### Exercise
Below are records with pictures in them. Output exactly the lines from the one with "18k金镶嵌冰种平安扣手链 玉质细腻 色泽艳丽清新 整体尺寸15.8*4.5" through the one with "<strong>إريك يخطف الأنظار", both included, and leave every picture out; give only those lines.

### Provided records
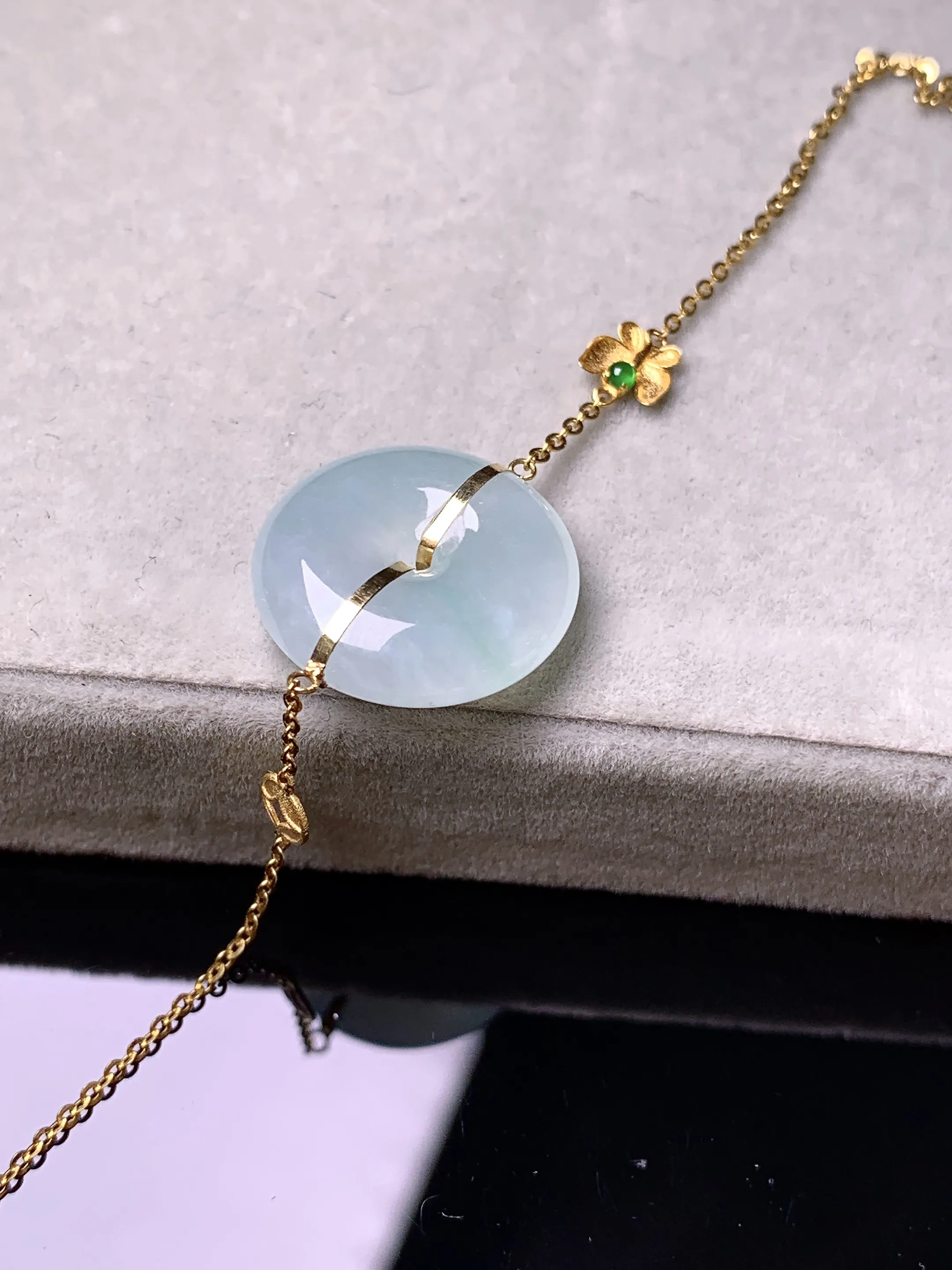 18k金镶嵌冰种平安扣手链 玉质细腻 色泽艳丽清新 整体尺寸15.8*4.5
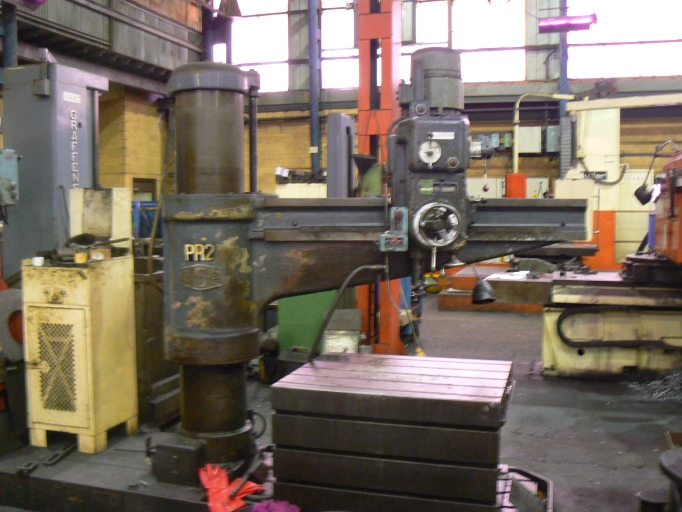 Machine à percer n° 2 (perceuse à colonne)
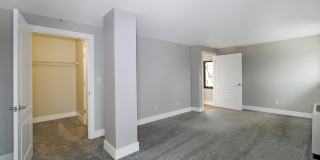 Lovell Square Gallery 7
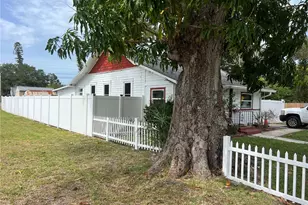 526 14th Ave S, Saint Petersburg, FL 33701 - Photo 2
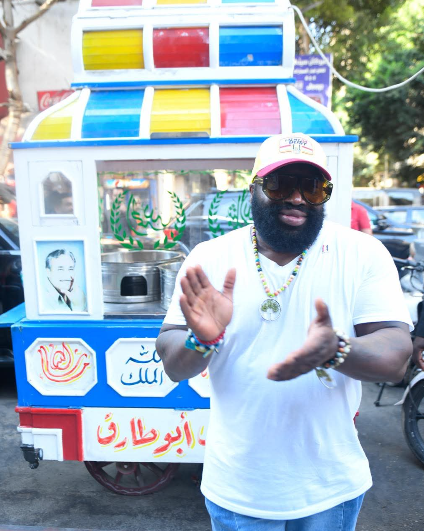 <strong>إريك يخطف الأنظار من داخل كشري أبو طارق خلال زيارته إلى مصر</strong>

==

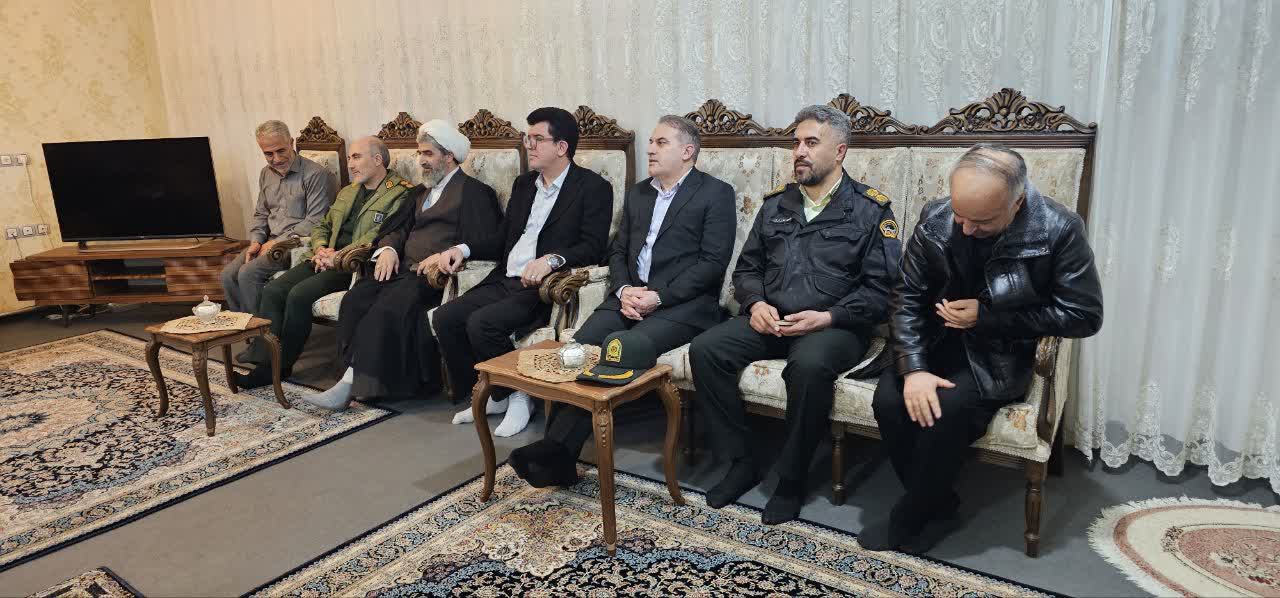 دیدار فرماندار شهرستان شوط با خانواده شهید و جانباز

### Result of the task
 18k金镶嵌冰种平安扣手链 玉质细腻 色泽艳丽清新 整体尺寸15.8*4.5
 Machine à percer n° 2 (perceuse à colonne)
 Lovell Square Gallery 7
 526 14th Ave S, Saint Petersburg, FL 33701 - Photo 2
 <strong>إريك يخطف الأنظار من داخل كشري أبو طارق خلال زيارته إلى مصر</strong>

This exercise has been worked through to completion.